Osborn Family of Fall River Massachusetts

During the latter half of the century but recently closed and on into the present one, during the period of the great growth and development as an industrial center of Fall River, the name Osborn has stood out conspicuously in the business life of the city. Reference is made notably to the Osborn brothers — the late Hon. Weaver and James Munroe Osborn — for many years among the most prominent mill promoters and bankers of Fall River; and they have been followed by a generation now representative of the name and family, Mr. James E. Osborn, the son of James M., being now active and prominent in the same line of operation the father followed, is treasurer of the American Linen Company and Merchants’ Manufacturing Company and president of the Covel & Osborn Company, dealers in hardware and mill supplies. This Osborn family here treated is one of at least a century and three quarters’ standing in Rhode Island and the nearby part of Massachusetts. Still earlier than the beginning of the period just named there is a record of the family of Jeremiah and Mercy Osband at Bristol, now R. I., as early as 1684, the date of birth of their first child. Their children were:

  1. Robert Osband, born Aug. 11, 1684
  2. Katherine Osband, born Nov. 12, 1686
  3. John Osband, born Oct. 12, 1689
  4. Jeremiah Osband, born July 25, 1693
  5. Margaret Osband, born May 27, 1695
  6. Sarah Osband, born May 11, 1701
  7. Jeremiah Osband (2), born June 11, 1706

One Nathaniel Osband petitioned the General Court at its May session, held at Newport, 1682.

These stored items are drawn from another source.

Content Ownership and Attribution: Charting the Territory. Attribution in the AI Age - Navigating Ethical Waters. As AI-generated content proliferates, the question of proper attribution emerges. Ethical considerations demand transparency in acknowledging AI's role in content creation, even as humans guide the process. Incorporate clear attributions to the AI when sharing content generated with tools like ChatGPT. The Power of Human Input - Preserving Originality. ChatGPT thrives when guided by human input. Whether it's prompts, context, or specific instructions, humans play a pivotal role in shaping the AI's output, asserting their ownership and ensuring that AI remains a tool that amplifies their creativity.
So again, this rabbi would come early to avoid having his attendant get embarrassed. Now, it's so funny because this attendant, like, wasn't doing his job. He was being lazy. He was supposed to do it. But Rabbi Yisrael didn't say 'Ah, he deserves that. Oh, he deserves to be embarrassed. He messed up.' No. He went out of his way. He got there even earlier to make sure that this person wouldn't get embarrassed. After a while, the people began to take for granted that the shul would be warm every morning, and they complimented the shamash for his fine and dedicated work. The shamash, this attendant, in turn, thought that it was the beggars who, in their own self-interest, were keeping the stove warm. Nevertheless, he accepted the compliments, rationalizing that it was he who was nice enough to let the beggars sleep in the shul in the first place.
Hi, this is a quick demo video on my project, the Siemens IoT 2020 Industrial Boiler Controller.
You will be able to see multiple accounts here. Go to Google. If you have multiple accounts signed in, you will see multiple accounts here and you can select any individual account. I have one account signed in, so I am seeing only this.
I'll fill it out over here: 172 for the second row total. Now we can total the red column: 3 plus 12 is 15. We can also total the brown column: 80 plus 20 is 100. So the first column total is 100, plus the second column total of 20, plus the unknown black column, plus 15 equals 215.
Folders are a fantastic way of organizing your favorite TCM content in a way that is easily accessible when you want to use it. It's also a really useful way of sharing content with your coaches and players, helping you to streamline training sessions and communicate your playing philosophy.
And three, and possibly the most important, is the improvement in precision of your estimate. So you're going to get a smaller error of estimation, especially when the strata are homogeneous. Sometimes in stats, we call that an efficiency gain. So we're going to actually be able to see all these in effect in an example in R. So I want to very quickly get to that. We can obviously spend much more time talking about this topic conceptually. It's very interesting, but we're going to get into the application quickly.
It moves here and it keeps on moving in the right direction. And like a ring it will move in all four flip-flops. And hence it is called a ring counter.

So far as has been traced the genealogy of the Fall River Osborn family, the special branch to be here treated, extends to the family of William Osband, who was born Aug. 16, 1729, and it is assumed at Newport, R. I, from the fact that he came from that place when a boy and lived during his minority with Samuel Hicks, of Tiverton. He spelled his name Osband. Of his children Weaver alone so spelled it (Osband), the rest, Osborn. This William Osband was the grandfather of the late Osborn brothers of Fall River alluded to above.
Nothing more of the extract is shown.